Wednesday, April 16, 2008
Pöpemöbile
The Pope’s arrival put that old Meryn Cadell song into my head, the one that goes, “we all here to see the pope, pope, pope, pope, pope.”
Her song “The Sweater” ("Girls, I know you will understand this, and feel the intrinsic, incredible emotion.") was genius before Weezer ever sung about the intimacy and depth of sweaters.
“Martina” was the first time I’d ever encountered an artistic (or any) communication of the muted, often daily, unease of being a female walking alone - at night and in bad shoes or just in general.
pump, pump, blow the dump
the steaming sewers
take the chance that only chancy chicks would take
and cakewalk home with icy brakes of spiky heels and clicks they make
and walk through your cold neighbourhood
but don’t get raped, knock on wood

Unless you’re a female you just don’t get the experience of catcalls and “playful” followers and hard-held stares. How men pretend that suddenly the whole world is small town america, - they’re just saying hi, they’re just being friendly, women like it they say, when they know full well that’s not what they’re doing and that’s why they’re shouting from cars, waiting outside of convenience stores and following you home from the mall. If a man gave them the finger, they wouldn’t say, “oh yeah! is that what you want baby!?”
If I were president (i know, i know) there would be a recipe for immediate corporal punishment: grab throat, throw to ground, beatings until there is sufficient whimpering, vary ingredients and amounts according to need. And one would be allowed to walk with a spark plug in hand, to smash the windows of offending men in vehicles who think that slowing down and pacing you while you walk is cute.
There would be public service messages on television, with rainbow graphics and shiny faces telling you to not be such an idiot all the time.
That’s just how I feel. If my humanity isn’t acknowledged I will have to act like a thing, a monster. Women don’t get credit for the courage they find and the normalcy and humor they apply to it. It takes balls to be a girl, to walk around being a girl.

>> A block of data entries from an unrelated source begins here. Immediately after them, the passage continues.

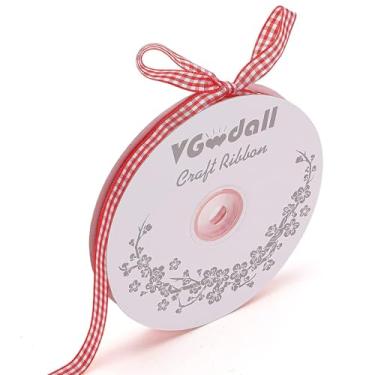 Imagem de VGOODALL Fita de guingão vermelho, 0,9 cm x 50 m vermelho e branco fino artesanato fita Buffalo Checker fitas para acessórios de cabelo, piquenique, escola e embrulho de presente de aniversário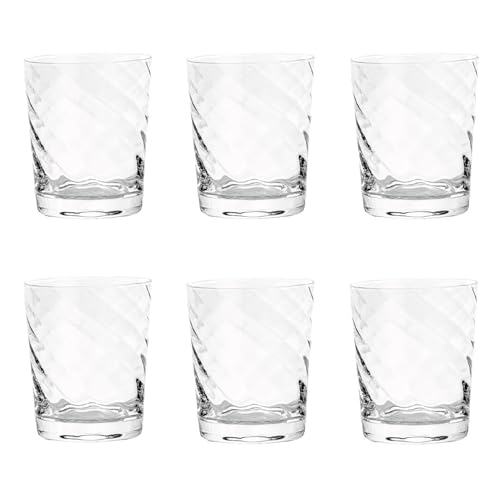 Livellara Milano Set mit 6 farbigen Glas-Tumblern mit Reliefbearbeitung, venezianischer Linie, elegantes und originelles Design, transparent von Livellara MILANO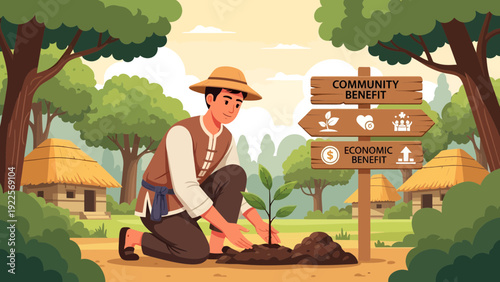 Man in straw hat planting a small tree seedling in the ground.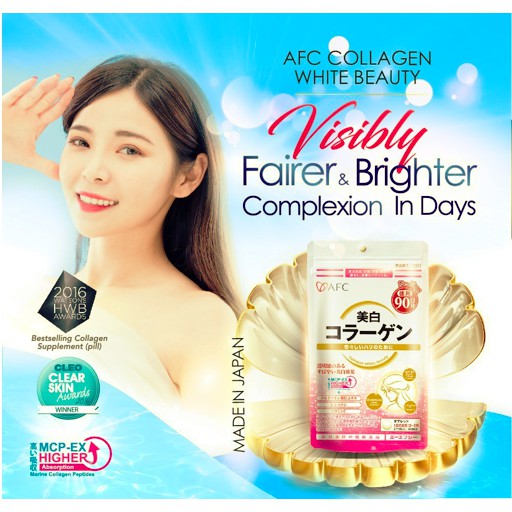 AFC Collagen White Beauty - Collagen + Whitening Supplement - Marine Collagen Glutathione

The last week of my being a redhead one of my most memorable catcalls was, “Red huh?! LIKE MY DICKHEAD!”
cue Fugazi, Suggestion. shake fist. feel toothless.

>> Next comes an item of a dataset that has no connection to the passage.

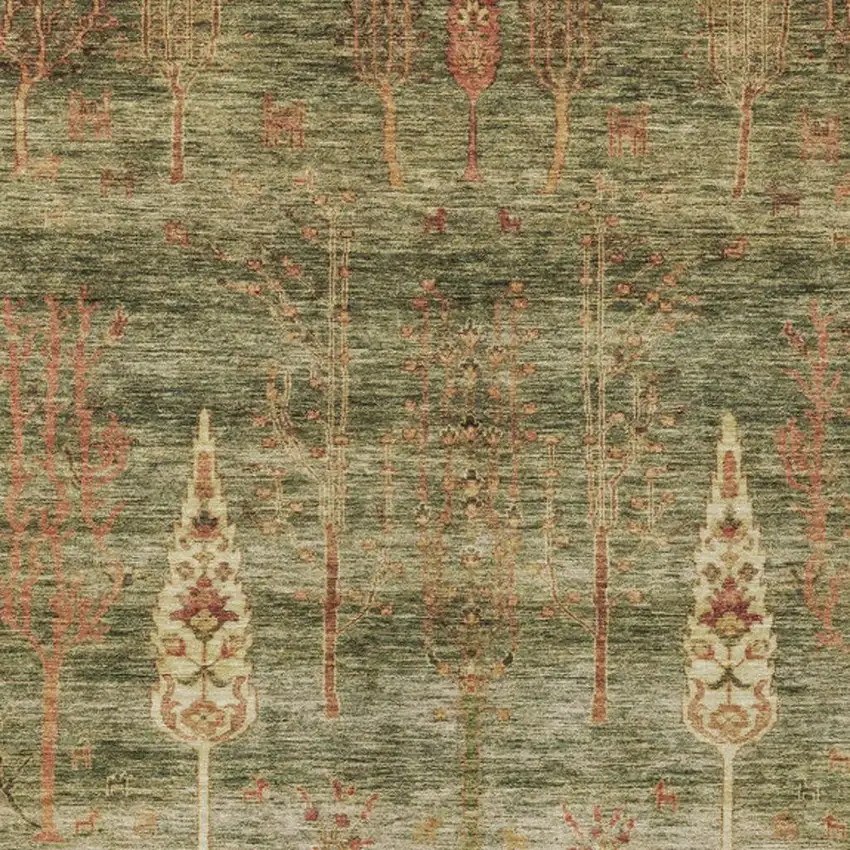 Artichoke Green And Rust Floral Washable Indoor Outdoor Area Rug Photo 4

Red was better than blond. Black is better than red. It weeds people out. Course, I also remember walking outside after having chicken pox for the second time (i know, i know) and I still had pox all over my face. They honked and yelled anyway, things it’s probably not legal to say to a 15 year old girl. They’re not being nice. And it’s not because you’re pretty.
anyhoo!
Meryn’s way of talking into and through her songs caught my attention. Fugazi and 7 Seconds could sing about being respectful to girls all they wanted in their prudish straight edge way, but finally, finally, someone who KNEW. It’s like she just couldn’t stop talking, couldn’t not be smart, couldn’t mimic and make the satire without also being the conscious voiceover. Like Jon Stewart talking to the talking heads. Like Henry Rollins’ spoken word but without the little pounces of violent outburst and untrustable identification with women (thanks though, i still love ya Henry!). She’s like good stand-up comedy, sung poignantly with a legitimate voice and without sentimentality.
So how cool to be reminded of her and learn that Angel Food for Thought is back in print! But how sad to read in her journal that she’s homesick the Lower East Side.
Maybe she left because that’s where the guy with the red head lives.